┌─ DATASET CONTENT
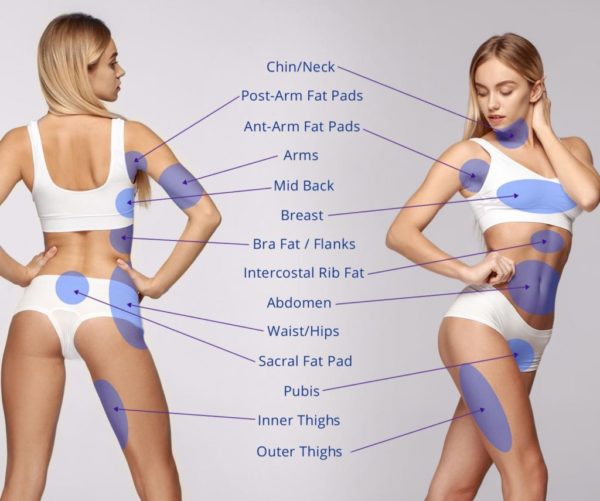 Liposuction Consultation Guilford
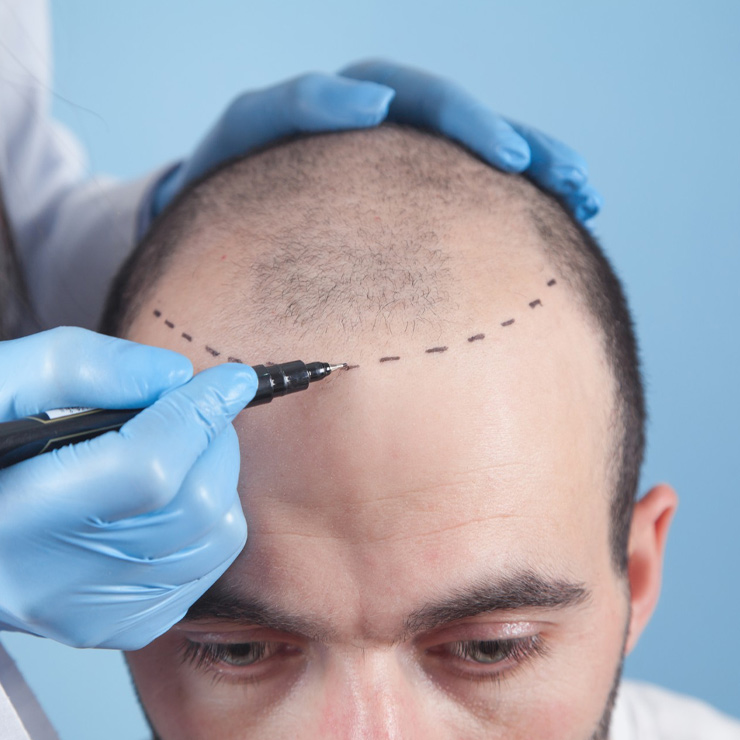 hair grafting procedure for hair restoration treatment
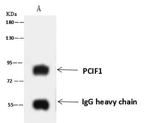 PCIF1 Antibody in Immunoprecipitation (IP)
└─
### ABOUT THIS EXERCISE
Without the images, write out each line of the data verbatim.

### YOUR SOLUTION
 Liposuction Consultation Guilford
 hair grafting procedure for hair restoration treatment
 PCIF1 Antibody in Immunoprecipitation (IP)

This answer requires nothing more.